Por Monika Zgustova, escritora (EL PAÍS, 02/09/08):
A finales de agosto, Praga recordaba que, 40 años atrás, la invadieron los tanques rusos y acabaron así con un proceso de liberación llamado la Primavera de Praga. Este triste aniversario coincidió con otra invasión rusa, la de Georgia, la primera guerra rusa como país no totalitario contra una nación extranjera independiente.
También este mes de agosto, el mundo entero recordó a Alexandr Solzhenitsin, superviviente del gulag y escritor que puso en evidencia la represión comunista. Solzhenitsin dedicó a ello toda su obra, tanto de ensayo como de ficción, dando testimonio de la brutalidad del totalitarismo soviético que le había tocado vivir para que en el futuro semejantes aberraciones pudieran evitarse y para que nunca más nadie tuviera dudas sobre Stalin y sus métodos. Desgraciadamente, en su país el legado del escritor se ha tenido en cuenta demasiado poco tiempo.
El año pasado, Vladímir Putin presentó ante los maestros rusos el nuevo manual de historia, destinado a las escuelas de todo el país. El libro describe a Stalin como “el gobernador ruso del siglo XX de más éxito”, quien supo extender el imperio ruso más allá que cualquier zar y llegó a convertir Rusia en una superpotencia nuclear. Las matanzas de Stalin se describen en el manual como “medio necesario, si bien excesivo, para mantener la disciplina”. No es de extrañar, pues, que los alumnos de hoy en día, al preguntarles por Stalin, contesten, en el lenguaje actual, que a su parecer se trataba de un “exitoso gestor” (udachnyi manazher) y no nos puede sorprender que en la escala de valores de esos jóvenes nociones como “éxito imperial”, “gran potencia militar” o “patriotismo ruso” ocupen los primeros puestos.
En tiempos que hoy parecen remotos, cuando la bandera roja ondeaba en lo alto del Kremlin, los rusos sondeaban su lugar en el mundo a base de valorar la importancia de sus enemigos. Cuanto más potente era el enemigo exterior, más fuerte se sentía tanto el gobernante como el ciudadano ruso. En este sentido, la guerra fría, en la que la entonces Unión Soviética compartía el papel protagonista con los Estados Unidos, fue una época gloriosa para los rusos. Y Vladímir Putin fue un aplicadísimo alumno de esa escuela que era la guerra fría, y hoy es un fiel seguidor de sus prácticas.

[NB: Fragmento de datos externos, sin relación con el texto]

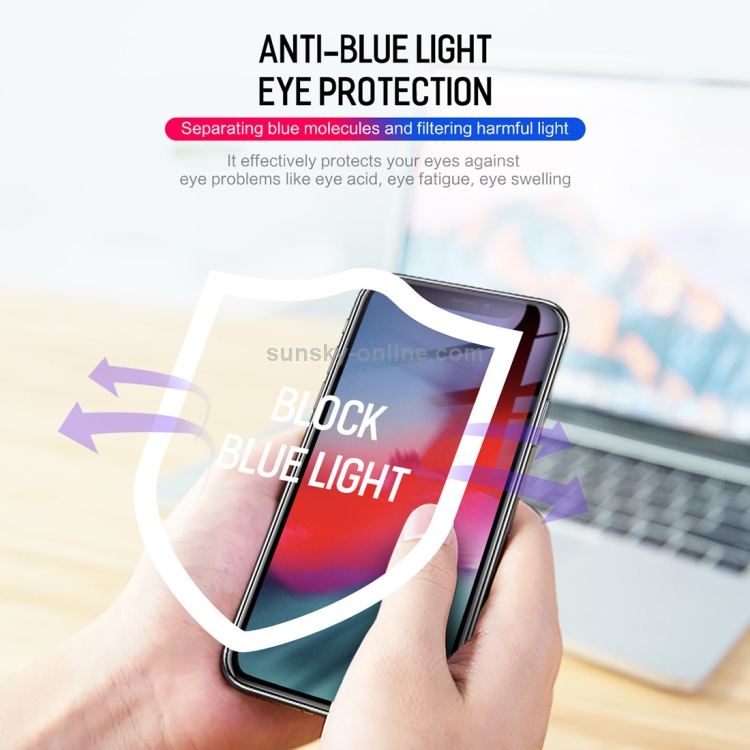 For iPhone 11 / XR ROCK 0.26mm 9H 6D Curved Surface Anti Blue-ray HD Full Screen Tempered Glass Film For iPhone 11 / XR ROCK 0.26mm 9H 6D Curved Surface Anti Blue-ray HD Full Screen Tempered Glass Film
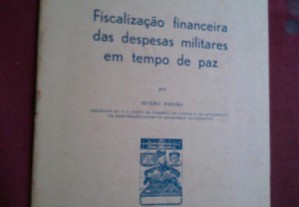 Severo Paixão-Despesas Militares em Tempo de Paz-1959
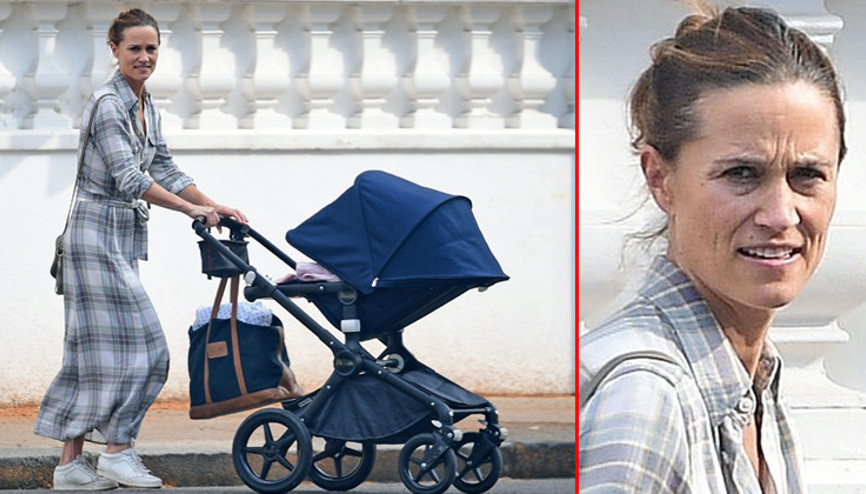 Pippa Middleton: İki çocukla uykusuz geceler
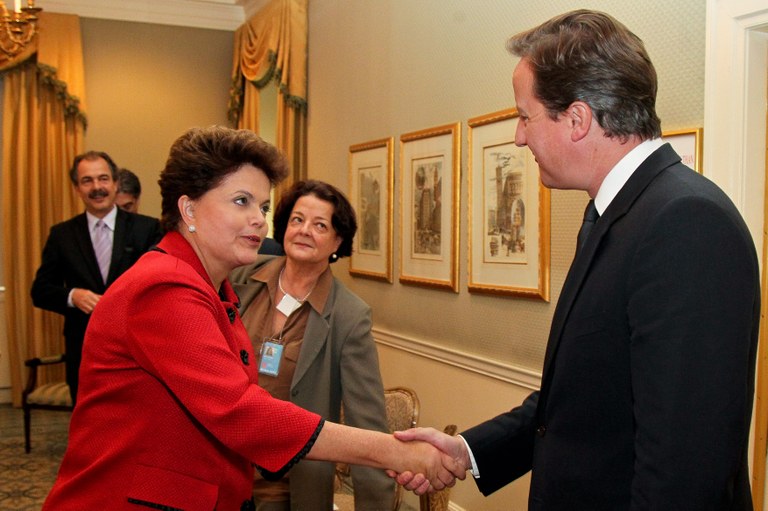 Encontro bilateral com o primeiro-ministro do Reino Unido, David Cameron - 3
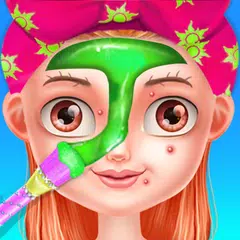 Baby Girl Salon Makeover Game XAPK download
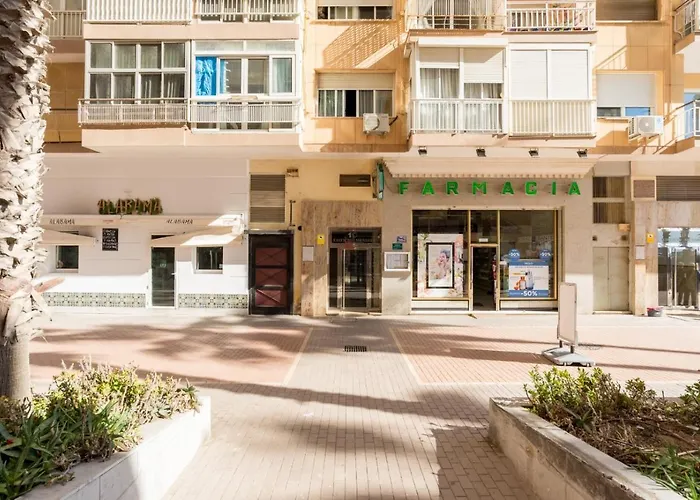 Studio Malagueta beach Málaga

En 2001, durante su primer encuentro con el presidente americano, Putin se preocupó por impresionar a su interlocutor, y con él a una gran parte de Occidente, presentándose como un hombre franco y fidedigno. Y desempeñó tan bien su papel que Bush comentó entonces que había visto “el alma” de Putin, y que era la de una persona digna de crédito. Seis años más tarde,en su discurso del Día de la Victoria sobre el nazismo (9 de mayo), el presidente ruso hizo una alusión en la que comparaba a los Estados Unidos con el Tercer Reich. Algo más tarde, enseñó los dientes también a Europa amenazándola con volver a tenerla como objetivo de los misiles nucleares rusos. Y este verano atacó a Georgia, un país independiente que busca su lugar en la esfera occidental.

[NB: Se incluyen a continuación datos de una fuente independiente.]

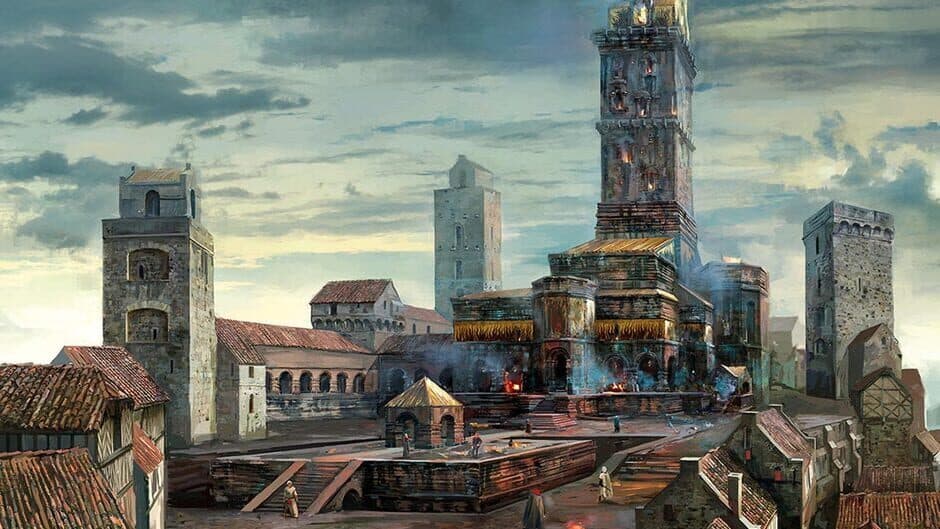 The Witcher 3: Wild Hunt artwork 1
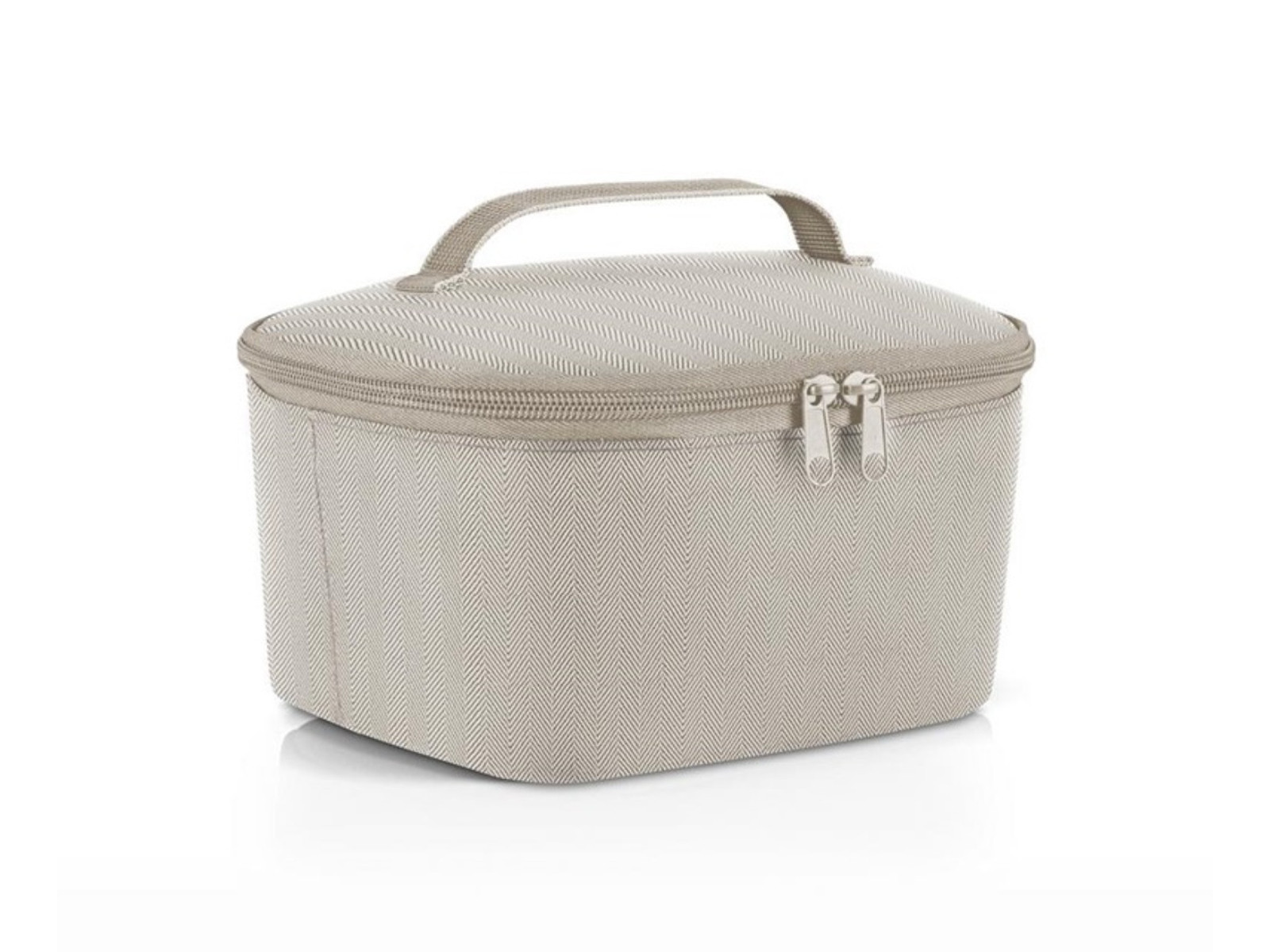 Torba termiczna Reisenthel Coolerbag Pocket S Herringbone Sand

¿Qué ha cambiado en esos siete años? Hoy, Putin está molesto y agresivo. Su resentimiento se debe al hecho de que la OTAN se ha expandido hasta las fronteras rusas acogiendo como miembros a los países que pertenecieron al gélido y sombrío club soviético. Está resentido porque es consciente de que se le han escapado los antiguos países y territorios satélites, los cuales los rusos siguen considerando como su inviolable área de influencia. Y, sobre todo, se siente agraviado por el escudo antimisiles que los Estados Unidos han contratado y proyectan instalar muy pronto en Polonia y la República Checa, dos de los países del antiguo Pacto de Varsovia. Pero la gota que colmó el vaso fue la proclamación de Kosovo como país independiente. De modo que cuando Georgia atacó a Osetia del Sur, Rusia se lanzó a imitar lo que Europa había hecho en Kosovo: proclamarla país independiente, eso sí, tras una guerra relámpago para mostrar sus músculos y contentar la opinión pública rusa, amante de las demostraciones de fuerza. Y los rusos no cesan de aplaudir a sus gobernantes disfrutando del cóctel que éstos han mezclado para ellos: la centralización del Estado, una buena dosis de nacionalismo y el retorno al estatus de potencia mundial, todo ello espolvoreado con guiños cómplices, los cuales pretenden hacer patente, aunque superficialmente, la atención del Estado hacia distintas esferas de la vida pública: la cultura, la ciencia, la educación, las obras públicas.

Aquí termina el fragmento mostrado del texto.